[Rojas] covers much ground, from the Qin Dynasty (c. 200 BC) to postmodern art, and demonstrates just how powerful the idea of the Wall has become in modern China.
- Kate Merkel-Hess, Times Literary Supplement
Carlos Rojas’s deceptively compact cultural study suggests convincingly that the search for meaning in the Wall lies neither with the iconic imagery nor the literal structure itself, but somewhere in the gaps between, where imagination can run rampant—and frequently has. As it turns out, investigating the many and varied symbolic uses of a wall—the tensions between the need to protect and imprison, to guard against and to tear down, to blazon forth and to shut out—provides a very simple and natural key to opening up the Chinese culture as a whole.
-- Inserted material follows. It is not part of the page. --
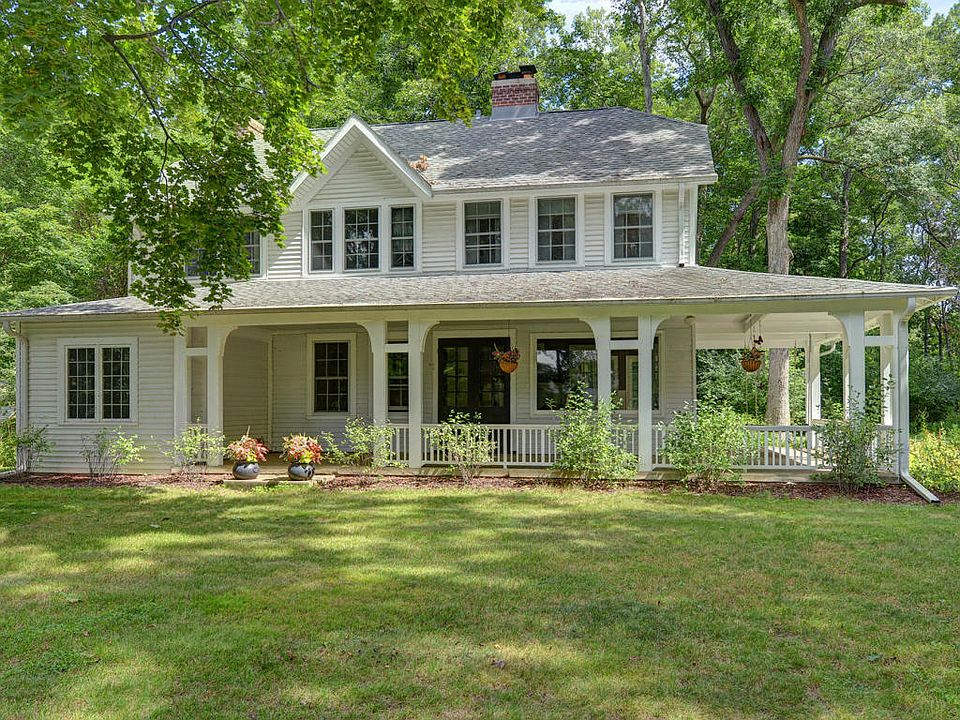 4025 N Sawyer Rd, Oconomowoc, WI 53066 Zillow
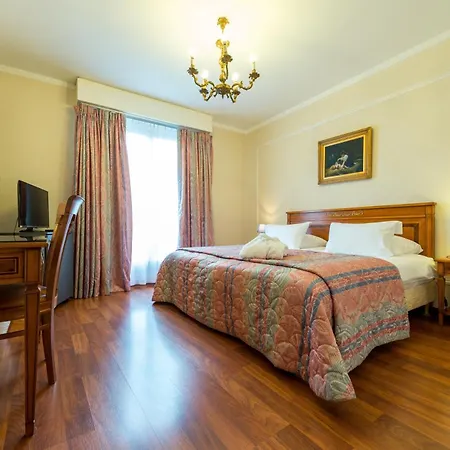Diplomate Hotel 4*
- Kerrie Mills, PopMatters
Rojas is among a vanguard of scholars applying perspectives of the emerging field of cultural studies to China. The book is a history of what people have thought about the Great Wall. Rojas argues that inherited beliefs helped shape the wall’s subsequent history. He traces the rise and fall of Chinese perceptions of long defensive walls from a symbol of Qin dynasty (221–206 BCE) oppression to Ming dynasty (1368–1644) insularity and defensive failure. Rojas contends that in the 20th century, Westerners influenced Chinese nationalists to adopt the Ming Great Wall as a symbol of national unity and power…Rojas’s clear, lively prose makes his work an excellent choice for undergraduate cultural studies.